アジア・マンスリー 2009年1月号
【トピックス】
具体化が進む中国の景気刺激策
2009年01月01日 佐野淳也
胡錦濤政権は、あらゆる措置を講じて成長維持を目指す方針に転換した。内需拡大の促進や雇用確保に向けた具体策も動き出しており、迅速な政策執行による景気悪化の回避が期待される。
■景気の悪化を踏まえ、成長維持を前面に押し出す
中国経済が減速傾向を強めている。胡錦濤政権は当初、「双防」(経済の過熱防止とインフレ抑制)を2008年の経済運営方針として掲げていたため、「景気の減速は、過熱防止に向けた一連の取り組みの成果」という肯定的な認識を2008年半ば頃まで示していた。

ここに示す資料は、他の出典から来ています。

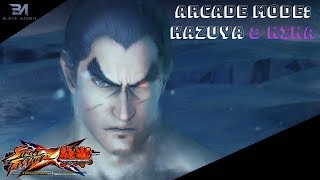 Download Lagu Street Fighter X Tekken | Arcade Mode - Kazuya \u0026 Nina MP3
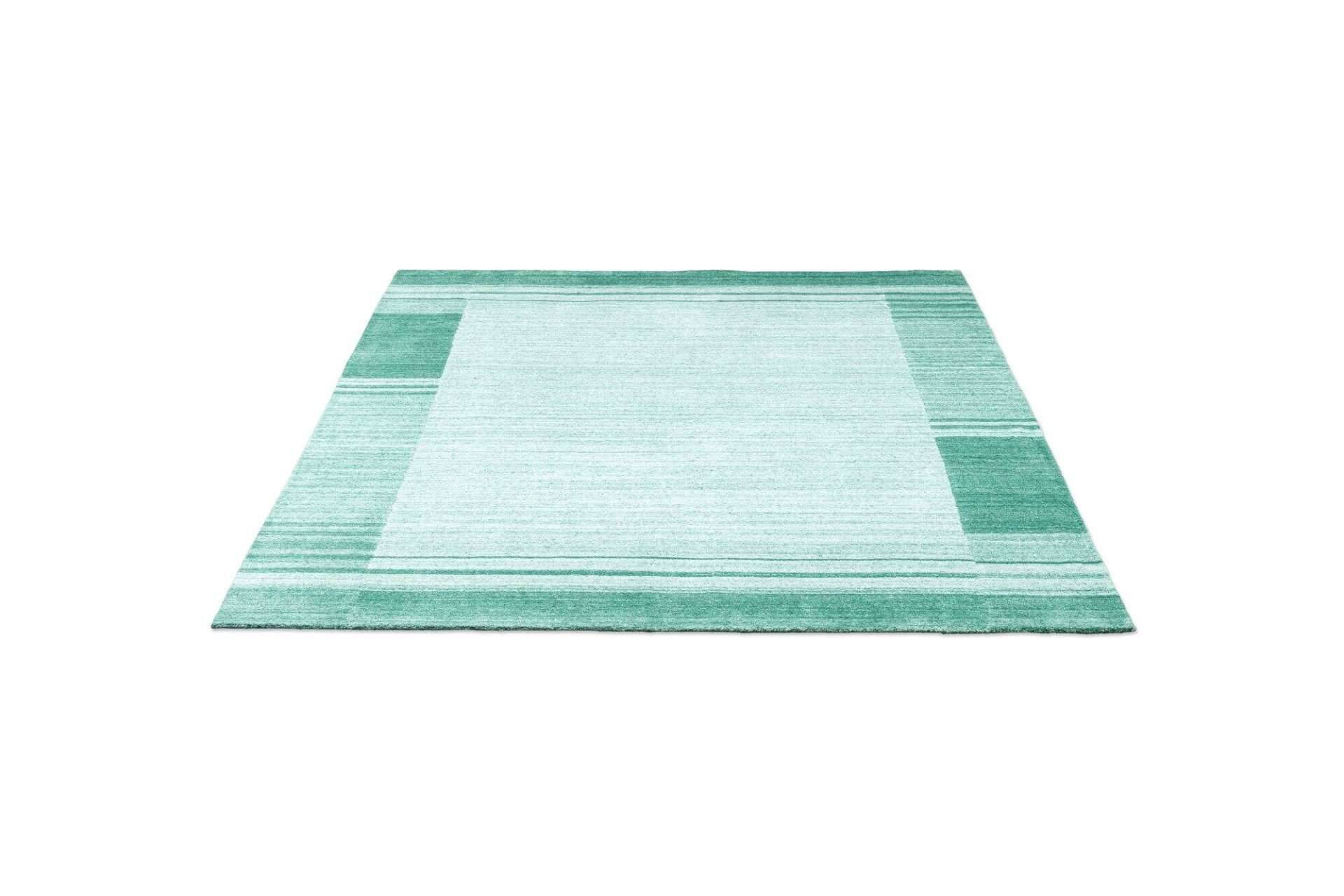 Teppich Modern Nevada Viscose Handgewebt 160x230cm türkis grün – Bild 5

しかし、一部の沿海地域や労働集約型産業(例:繊維)での景況感の悪化を受け、7月25日の共産党中央政治局会議において、経済運営の基本方針を「過熱防止」から「安定的で比較的速い経済発展の維持」への変更を決定した。変更後の新方針(「一保一控」)は、成長維持とインフレ抑制の両方を重視したものであったが、国際金融市場の動揺及び実体経済への影響が拡大しはじめると、成長の維持に重点が移されるようになった。11月28日の中央政治局会議では、「安定的で比較的速い経済発展の維持」を2009年の経済運営の最重要方針とすることが決定された。景気の急激な悪化を踏まえ、胡錦濤政権は従来進めていたバランス重視の経済政策を棚上げし、成長の維持を前面に押し出したといえよう。 <減速傾向を強める中国経済>891011122002030405060708(年)(%)121314151617181920(%)GDP成長率工業生産付加価値(右目盛)(注)08年は、1~9月の前年同期比(資料)国家統計局
■大規模な施策が相次いで具体化
最近になって、成長維持の方針を踏まえて、具体的かつ大規模な施策が相次いで打ち出された。一連の取り組みをa.4兆元規模の景気刺激策、b.消費の促進など投資面以外の成長維持策に分けて、それぞれの進捗状況をみてみる。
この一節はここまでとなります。